By now you should have realized that the theory of learning types or styles is one big mess which I would never build any lesson on.

To cite that all popular wikipedia.

„Coffield’s team found that none of the most popular learning style theories had been adequately validated through independent research, leading to the conclusion that the idea of a learning cycle, the consistency of visual, auditory and kinesthetic preferences and the value of matching teaching and learning styles were all “highly questionable.”

 

Conclusion: Address all senses – You don’t have a choice anyhow

My lessons respectively instructions always include all possible skills: reading, listening, writing, speaking and above all: thinking under which I subsume among others analyzing and concluding. Each of us has certain strengths and weaknesses but I haven’t come across a student yet that couldn’t at least work sufficiently with all the tasks that I provided her or him with. I put emphasis on the strengths and try to strengthen the weak skills carefully.

In this article I have focussed a bit on learning with a tutor, yet I think that even when you learn on your own, the effort put into preparing learning material according to your assumed (!) dominant learning style stands in no relation to the assumed benefit over simply working with what’s there.

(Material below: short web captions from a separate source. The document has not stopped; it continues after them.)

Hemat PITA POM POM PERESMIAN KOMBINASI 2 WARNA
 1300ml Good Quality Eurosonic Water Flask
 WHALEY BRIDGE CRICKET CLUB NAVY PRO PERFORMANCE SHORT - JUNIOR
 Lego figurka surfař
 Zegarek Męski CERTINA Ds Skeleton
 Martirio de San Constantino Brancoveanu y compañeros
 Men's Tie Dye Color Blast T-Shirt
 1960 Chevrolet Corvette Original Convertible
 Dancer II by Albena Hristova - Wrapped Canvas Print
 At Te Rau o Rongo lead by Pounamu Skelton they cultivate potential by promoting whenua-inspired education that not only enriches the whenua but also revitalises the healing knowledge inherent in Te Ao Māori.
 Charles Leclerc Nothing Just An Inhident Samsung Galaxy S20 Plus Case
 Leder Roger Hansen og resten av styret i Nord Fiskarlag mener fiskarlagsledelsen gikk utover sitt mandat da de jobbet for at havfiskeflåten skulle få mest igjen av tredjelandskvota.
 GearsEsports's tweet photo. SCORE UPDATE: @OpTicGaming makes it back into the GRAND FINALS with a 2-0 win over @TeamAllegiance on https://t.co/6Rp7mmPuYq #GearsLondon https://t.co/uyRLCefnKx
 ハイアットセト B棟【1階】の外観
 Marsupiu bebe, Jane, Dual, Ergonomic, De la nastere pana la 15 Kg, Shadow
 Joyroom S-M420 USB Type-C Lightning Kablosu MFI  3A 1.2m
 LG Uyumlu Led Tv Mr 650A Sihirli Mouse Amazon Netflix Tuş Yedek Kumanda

After all, opposed to what I often read, we are not that different from each other when it comes to learning. And that is only logical as we all use the same channels of perception and our thinking is, well, human. That means it most probably follows certain patterns that we all share.

You can focus on real learning now.

One thought on “The Learning Styles Myth

  1. The problem with learning style “theories” is very similar to personality type “theories”: they’re not really theories. Heck, they’re not even empirical. They make unfounded assumptions, and then generalize from those assumptions. Thus, they are at best, “folk wisdom”, and at worst, rank stereotypes. But they almost certainly do not deserve the label “theory”.

    A proper *scientific* theory, would start first from a collection of well defined observations and background research (neurobiology, psychology, etc), and would include predictions about learning that were *falsifiable* under controlled conditions.